╭─ Records shown
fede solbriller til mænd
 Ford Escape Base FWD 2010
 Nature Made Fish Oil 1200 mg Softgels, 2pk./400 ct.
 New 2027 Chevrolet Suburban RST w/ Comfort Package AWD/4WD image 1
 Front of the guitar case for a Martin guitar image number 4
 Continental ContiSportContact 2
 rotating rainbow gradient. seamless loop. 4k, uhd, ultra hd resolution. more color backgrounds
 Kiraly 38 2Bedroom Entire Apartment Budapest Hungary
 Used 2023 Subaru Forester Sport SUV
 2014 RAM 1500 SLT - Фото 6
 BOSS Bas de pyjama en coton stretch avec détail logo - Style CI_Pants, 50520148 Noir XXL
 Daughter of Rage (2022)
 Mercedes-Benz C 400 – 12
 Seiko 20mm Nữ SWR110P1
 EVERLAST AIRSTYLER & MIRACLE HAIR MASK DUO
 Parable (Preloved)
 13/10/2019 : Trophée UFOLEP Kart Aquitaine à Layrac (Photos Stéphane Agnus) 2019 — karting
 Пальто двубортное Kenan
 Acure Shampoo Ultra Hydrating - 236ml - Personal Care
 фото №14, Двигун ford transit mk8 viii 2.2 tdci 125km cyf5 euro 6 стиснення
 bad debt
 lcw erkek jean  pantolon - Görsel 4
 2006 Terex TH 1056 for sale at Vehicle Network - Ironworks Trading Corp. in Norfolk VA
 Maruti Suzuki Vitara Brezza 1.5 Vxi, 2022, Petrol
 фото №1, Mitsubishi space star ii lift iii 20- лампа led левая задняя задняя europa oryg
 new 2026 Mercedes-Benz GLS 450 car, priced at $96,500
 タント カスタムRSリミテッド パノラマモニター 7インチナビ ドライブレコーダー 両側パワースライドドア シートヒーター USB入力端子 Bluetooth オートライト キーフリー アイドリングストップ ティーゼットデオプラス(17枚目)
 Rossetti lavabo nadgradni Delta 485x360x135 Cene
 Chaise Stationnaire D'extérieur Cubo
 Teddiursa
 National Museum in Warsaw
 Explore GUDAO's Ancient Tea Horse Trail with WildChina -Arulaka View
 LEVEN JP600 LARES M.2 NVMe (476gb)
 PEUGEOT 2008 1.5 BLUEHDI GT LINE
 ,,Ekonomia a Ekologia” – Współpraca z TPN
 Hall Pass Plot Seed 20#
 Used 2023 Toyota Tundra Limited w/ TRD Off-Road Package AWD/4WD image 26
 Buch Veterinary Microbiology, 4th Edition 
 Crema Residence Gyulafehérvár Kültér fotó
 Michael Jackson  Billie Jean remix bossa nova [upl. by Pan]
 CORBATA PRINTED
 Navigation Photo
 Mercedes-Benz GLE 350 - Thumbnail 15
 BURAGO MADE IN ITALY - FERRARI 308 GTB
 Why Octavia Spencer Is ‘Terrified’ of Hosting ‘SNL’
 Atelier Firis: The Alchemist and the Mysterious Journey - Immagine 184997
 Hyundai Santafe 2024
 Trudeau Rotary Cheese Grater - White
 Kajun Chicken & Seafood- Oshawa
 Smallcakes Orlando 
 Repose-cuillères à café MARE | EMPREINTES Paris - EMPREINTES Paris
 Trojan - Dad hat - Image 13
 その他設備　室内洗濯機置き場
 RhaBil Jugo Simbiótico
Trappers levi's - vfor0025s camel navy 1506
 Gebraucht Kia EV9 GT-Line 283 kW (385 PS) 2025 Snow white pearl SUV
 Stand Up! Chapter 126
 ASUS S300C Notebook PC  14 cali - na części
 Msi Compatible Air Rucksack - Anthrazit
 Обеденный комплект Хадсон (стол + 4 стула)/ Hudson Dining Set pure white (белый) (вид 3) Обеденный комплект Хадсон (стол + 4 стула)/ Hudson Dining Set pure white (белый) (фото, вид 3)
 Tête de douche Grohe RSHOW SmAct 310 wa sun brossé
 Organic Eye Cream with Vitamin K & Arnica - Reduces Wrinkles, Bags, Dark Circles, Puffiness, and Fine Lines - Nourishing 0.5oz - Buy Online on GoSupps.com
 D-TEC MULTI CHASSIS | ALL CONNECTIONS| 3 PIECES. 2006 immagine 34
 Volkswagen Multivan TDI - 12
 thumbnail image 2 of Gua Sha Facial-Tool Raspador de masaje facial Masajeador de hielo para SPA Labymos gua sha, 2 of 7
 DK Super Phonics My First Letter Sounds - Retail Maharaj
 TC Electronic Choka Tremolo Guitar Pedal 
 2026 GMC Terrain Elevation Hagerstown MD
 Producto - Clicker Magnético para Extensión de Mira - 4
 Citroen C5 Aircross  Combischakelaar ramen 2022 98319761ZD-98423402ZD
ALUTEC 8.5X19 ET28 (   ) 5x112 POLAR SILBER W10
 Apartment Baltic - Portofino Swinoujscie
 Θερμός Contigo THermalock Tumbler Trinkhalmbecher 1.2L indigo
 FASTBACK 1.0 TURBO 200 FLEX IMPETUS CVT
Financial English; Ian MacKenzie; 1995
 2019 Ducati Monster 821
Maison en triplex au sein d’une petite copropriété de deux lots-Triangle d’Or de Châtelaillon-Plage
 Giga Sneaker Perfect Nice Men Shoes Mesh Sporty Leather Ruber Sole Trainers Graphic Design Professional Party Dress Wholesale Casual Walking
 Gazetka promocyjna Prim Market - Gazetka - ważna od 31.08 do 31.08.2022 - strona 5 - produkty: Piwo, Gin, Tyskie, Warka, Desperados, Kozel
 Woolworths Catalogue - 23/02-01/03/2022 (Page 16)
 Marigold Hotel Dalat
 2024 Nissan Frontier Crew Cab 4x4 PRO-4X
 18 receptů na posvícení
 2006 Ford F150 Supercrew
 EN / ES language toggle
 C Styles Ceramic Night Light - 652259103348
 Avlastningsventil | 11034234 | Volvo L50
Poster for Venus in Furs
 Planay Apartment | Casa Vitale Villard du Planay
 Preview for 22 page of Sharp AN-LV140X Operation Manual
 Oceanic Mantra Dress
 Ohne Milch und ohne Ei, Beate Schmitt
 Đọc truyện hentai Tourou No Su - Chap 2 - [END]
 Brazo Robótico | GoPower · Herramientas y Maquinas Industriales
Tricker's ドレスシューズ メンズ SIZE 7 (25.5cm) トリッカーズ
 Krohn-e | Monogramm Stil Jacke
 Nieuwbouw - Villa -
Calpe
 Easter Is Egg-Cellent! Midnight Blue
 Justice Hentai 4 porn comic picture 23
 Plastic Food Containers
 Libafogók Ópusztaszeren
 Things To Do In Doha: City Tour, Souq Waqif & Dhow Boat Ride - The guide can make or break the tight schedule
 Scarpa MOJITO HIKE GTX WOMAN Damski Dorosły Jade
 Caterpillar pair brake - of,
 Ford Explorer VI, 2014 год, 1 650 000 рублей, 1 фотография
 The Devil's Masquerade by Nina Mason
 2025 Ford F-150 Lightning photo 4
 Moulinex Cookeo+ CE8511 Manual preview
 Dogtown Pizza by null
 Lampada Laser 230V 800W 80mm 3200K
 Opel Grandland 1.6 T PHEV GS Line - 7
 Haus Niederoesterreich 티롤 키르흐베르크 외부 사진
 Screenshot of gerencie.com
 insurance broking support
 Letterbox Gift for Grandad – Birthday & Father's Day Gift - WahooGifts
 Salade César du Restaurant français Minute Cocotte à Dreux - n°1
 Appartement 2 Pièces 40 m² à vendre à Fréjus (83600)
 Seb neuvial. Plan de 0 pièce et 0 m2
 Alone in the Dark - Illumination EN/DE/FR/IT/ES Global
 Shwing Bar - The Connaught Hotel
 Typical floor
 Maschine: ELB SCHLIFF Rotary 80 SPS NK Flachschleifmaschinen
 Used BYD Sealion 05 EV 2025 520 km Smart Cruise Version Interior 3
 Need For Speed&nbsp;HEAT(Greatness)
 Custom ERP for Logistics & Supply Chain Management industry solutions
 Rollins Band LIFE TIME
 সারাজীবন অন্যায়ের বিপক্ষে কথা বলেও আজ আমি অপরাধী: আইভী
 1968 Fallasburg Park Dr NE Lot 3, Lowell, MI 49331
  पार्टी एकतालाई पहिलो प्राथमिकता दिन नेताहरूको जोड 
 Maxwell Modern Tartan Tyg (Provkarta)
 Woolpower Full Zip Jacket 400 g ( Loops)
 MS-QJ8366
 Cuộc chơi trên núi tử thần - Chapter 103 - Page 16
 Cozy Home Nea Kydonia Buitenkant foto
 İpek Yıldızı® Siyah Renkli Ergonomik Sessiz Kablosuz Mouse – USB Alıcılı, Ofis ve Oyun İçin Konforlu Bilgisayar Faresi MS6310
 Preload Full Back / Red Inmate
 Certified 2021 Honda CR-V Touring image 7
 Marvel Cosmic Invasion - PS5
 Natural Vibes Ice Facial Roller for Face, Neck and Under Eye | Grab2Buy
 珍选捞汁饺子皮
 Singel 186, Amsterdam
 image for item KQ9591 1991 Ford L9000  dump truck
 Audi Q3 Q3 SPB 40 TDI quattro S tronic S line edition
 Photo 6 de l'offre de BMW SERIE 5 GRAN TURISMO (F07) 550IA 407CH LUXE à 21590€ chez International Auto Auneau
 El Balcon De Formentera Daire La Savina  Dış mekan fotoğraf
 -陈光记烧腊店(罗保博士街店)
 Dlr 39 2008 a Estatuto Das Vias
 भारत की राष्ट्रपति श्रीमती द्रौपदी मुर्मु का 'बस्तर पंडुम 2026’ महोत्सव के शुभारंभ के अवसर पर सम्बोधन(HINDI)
╰─
__What is expected__. Above are the records; from them, give again exactly the lines from the one containing "фото №1, Mitsubishi" through the one containing "DK Super Phonics", both included.

__Problem solution__.
 фото №1, Mitsubishi space star ii lift iii 20- лампа led левая задняя задняя europa oryg
 new 2026 Mercedes-Benz GLS 450 car, priced at $96,500
 タント カスタムRSリミテッド パノラマモニター 7インチナビ ドライブレコーダー 両側パワースライドドア シートヒーター USB入力端子 Bluetooth オートライト キーフリー アイドリングストップ ティーゼットデオプラス(17枚目)
 Rossetti lavabo nadgradni Delta 485x360x135 Cene
 Chaise Stationnaire D'extérieur Cubo
 Teddiursa
 National Museum in Warsaw
 Explore GUDAO's Ancient Tea Horse Trail with WildChina -Arulaka View
 LEVEN JP600 LARES M.2 NVMe (476gb)
 PEUGEOT 2008 1.5 BLUEHDI GT LINE
 ,,Ekonomia a Ekologia” – Współpraca z TPN
 Hall Pass Plot Seed 20#
 Used 2023 Toyota Tundra Limited w/ TRD Off-Road Package AWD/4WD image 26
 Buch Veterinary Microbiology, 4th Edition 
 Crema Residence Gyulafehérvár Kültér fotó
 Michael Jackson  Billie Jean remix bossa nova [upl. by Pan]
 CORBATA PRINTED
 Navigation Photo
 Mercedes-Benz GLE 350 - Thumbnail 15
 BURAGO MADE IN ITALY - FERRARI 308 GTB
 Why Octavia Spencer Is ‘Terrified’ of Hosting ‘SNL’
 Atelier Firis: The Alchemist and the Mysterious Journey - Immagine 184997
 Hyundai Santafe 2024
 Trudeau Rotary Cheese Grater - White
 Kajun Chicken & Seafood- Oshawa
 Smallcakes Orlando 
 Repose-cuillères à café MARE | EMPREINTES Paris - EMPREINTES Paris
 Trojan - Dad hat - Image 13
 その他設備　室内洗濯機置き場
 RhaBil Jugo Simbiótico
Trappers levi's - vfor0025s camel navy 1506
 Gebraucht Kia EV9 GT-Line 283 kW (385 PS) 2025 Snow white pearl SUV
 Stand Up! Chapter 126
 ASUS S300C Notebook PC  14 cali - na części
 Msi Compatible Air Rucksack - Anthrazit
 Обеденный комплект Хадсон (стол + 4 стула)/ Hudson Dining Set pure white (белый) (вид 3) Обеденный комплект Хадсон (стол + 4 стула)/ Hudson Dining Set pure white (белый) (фото, вид 3)
 Tête de douche Grohe RSHOW SmAct 310 wa sun brossé
 Organic Eye Cream with Vitamin K & Arnica - Reduces Wrinkles, Bags, Dark Circles, Puffiness, and Fine Lines - Nourishing 0.5oz - Buy Online on GoSupps.com
 D-TEC MULTI CHASSIS | ALL CONNECTIONS| 3 PIECES. 2006 immagine 34
 Volkswagen Multivan TDI - 12
 thumbnail image 2 of Gua Sha Facial-Tool Raspador de masaje facial Masajeador de hielo para SPA Labymos gua sha, 2 of 7
 DK Super Phonics My First Letter Sounds - Retail Maharaj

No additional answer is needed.